The professional defense against overfitting is walk-forward analysis: fit your parameters on one window of history, test on the next window, then roll both windows forward and repeat. Because the strategy is always validated on data it was never tuned on, walk-forward approximates how it would actually behave deployed — chasing a market that keeps changing. The diagram below shows the rolling logic.

A clean backtest is a hypothesis, not a paycheck. The path to live capital has guardrails, and skipping them is how good strategies become expensive lessons.

Paper trade first. Run the strategy live against real market data but with fake money. If paper results diverge wildly from your backtest, assume the bug is in your code or your assumptions — not that the market is "behaving strangely." Reconcile the difference before risking a cent.
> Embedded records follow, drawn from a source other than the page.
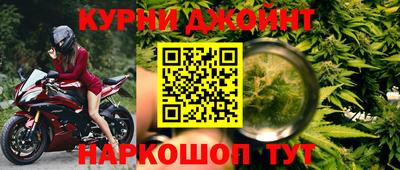 мдма Будённовск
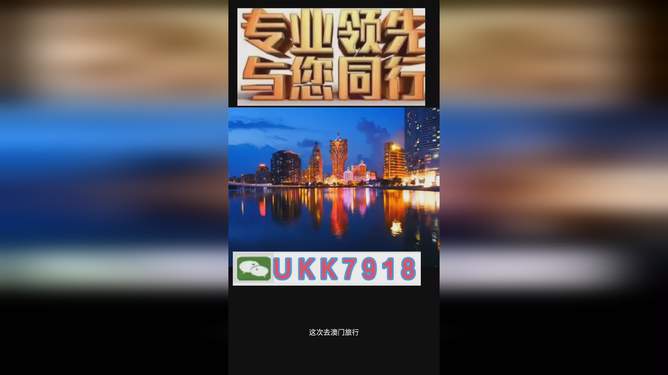 澳門今晚必開一肖一特，探索生肖彩票的魅力與預(yù)測(cè)邏輯，澳門生肖彩票預(yù)測(cè)，探索彩票魅力與預(yù)測(cè)邏輯揭秘特肖一碼之夜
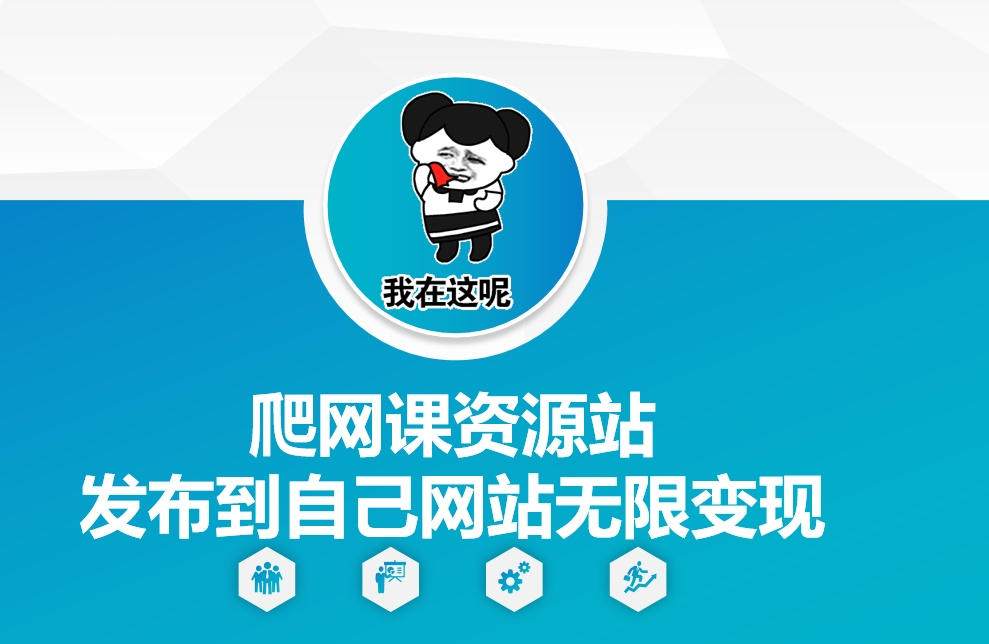 爬网课资源站发布到自己网站无限变现S-小熊猫资源网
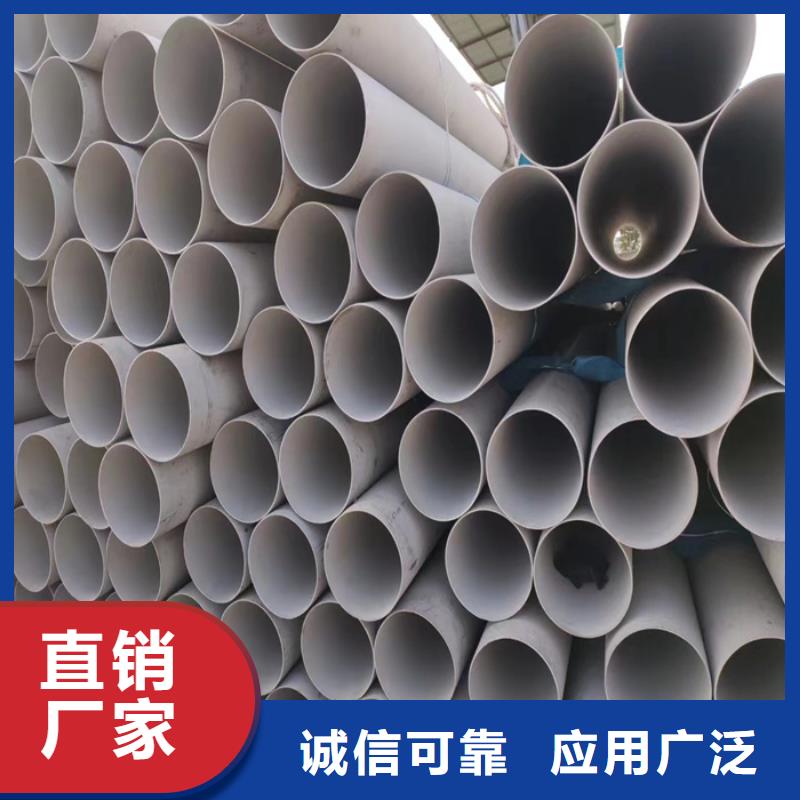 不锈钢管热轧不锈钢板支持批发零售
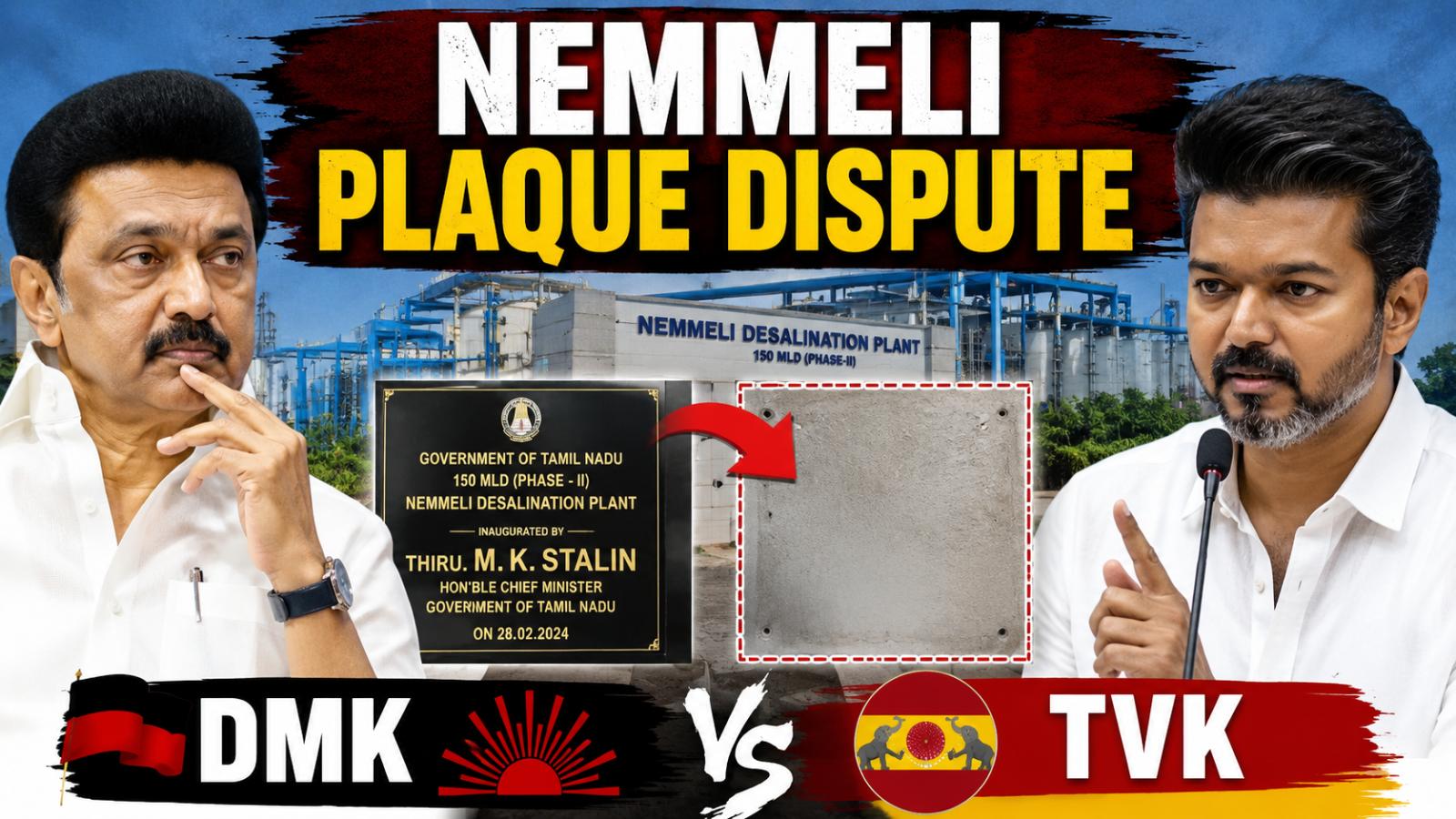 DMK Attacks TVK Over Nemmeli Desalination Plaque Dispute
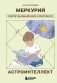 Астроинтеллект. Меркурий: секреты мышления и обучения фото книги маленькое 2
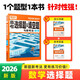 2026騰遠高考題型新版數學(xué)高考選擇填空題真題必刷題高中專(zhuān)項訓練習卷高三一輪復習資料
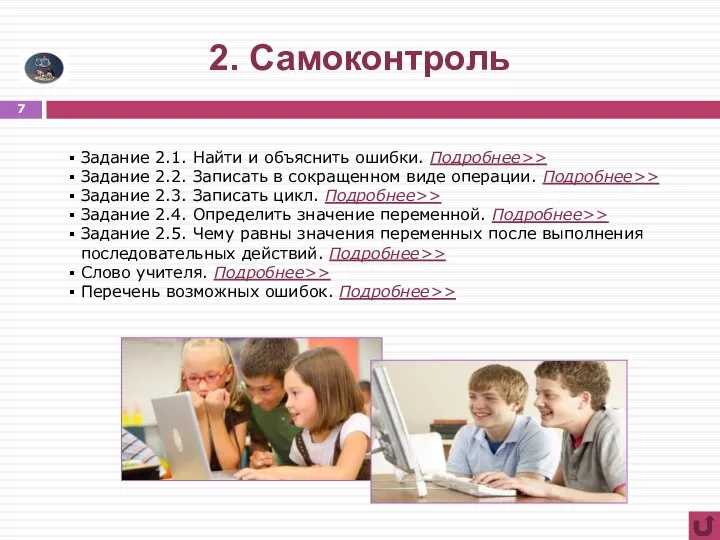 2. Самоконтроль Задание 2.1. Найти и объяснить ошибки. Подробнее>> Задание 2.2.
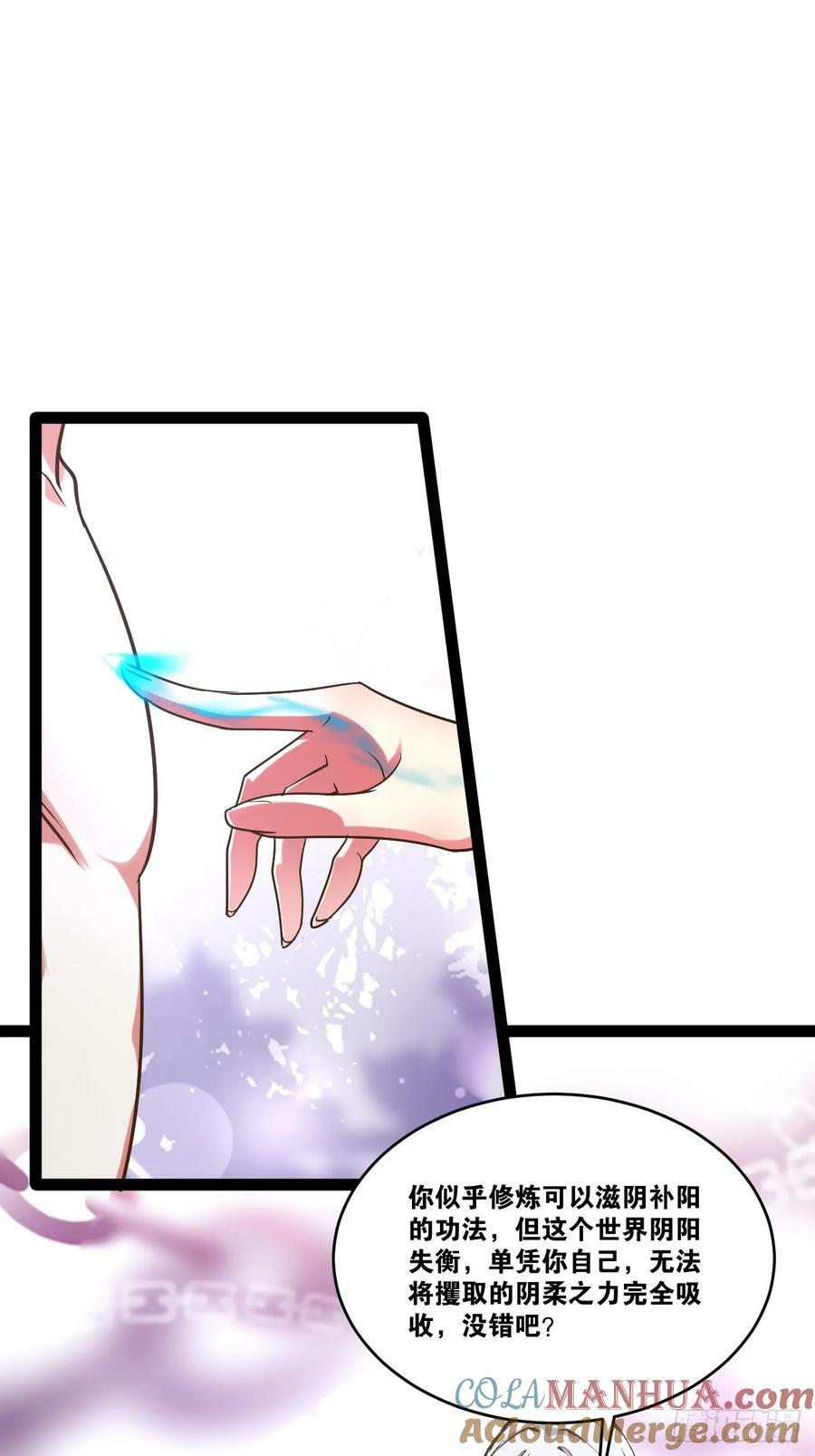 82.阴神碎片33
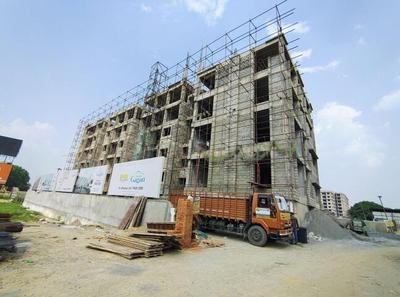 Project Image of 906.0 - 2491.0 Sq.ft 2 BHK Apartment for buy in Kochar Gagan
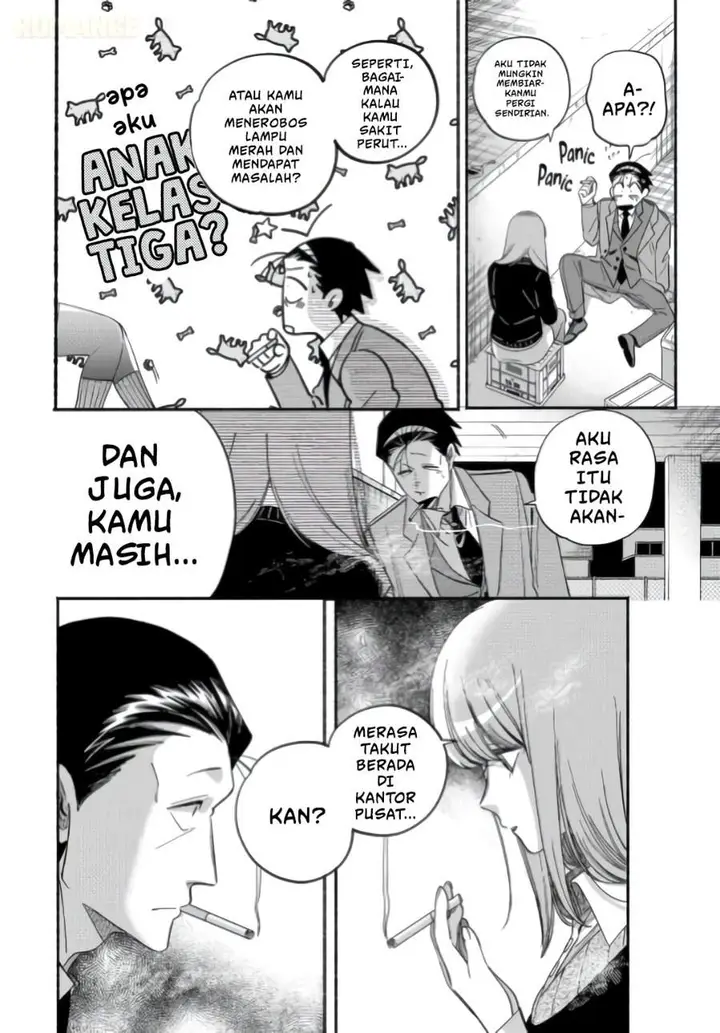 image-komik-super-no-ura-de-yani-suu-hanashi-chapter-59-31/46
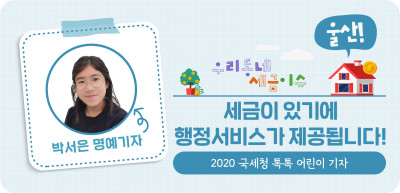 ✍️ (울산) 세금이 있기에 행정서비스가 제공됩니다! _박서은 명예기자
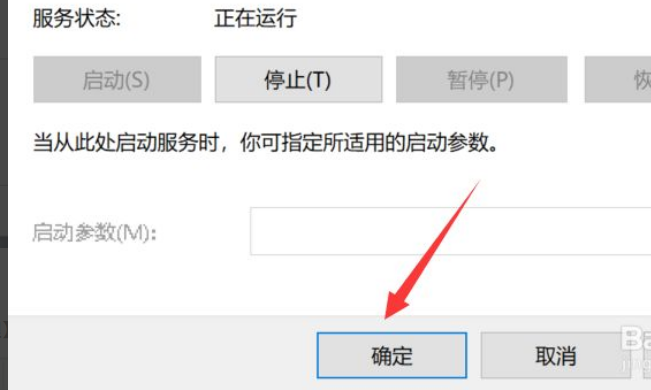 Win10应用闪退怎么解决?Win10应用闪退解决方法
Engineer for failure, not just for profit. Exchanges go down, APIs return errors, and a flood of requests gets you a 429 Too Many Requests response — back off exponentially when that happens. Build a heartbeat alert that screams if the bot stops responding, and a kill switch that cancels open orders and flattens positions on command. The Flash Crash happened in part because automated systems had no brakes.

Size up slowly. Start small. Confirm that live fills, fees, and slippage roughly match what you modeled before adding capital.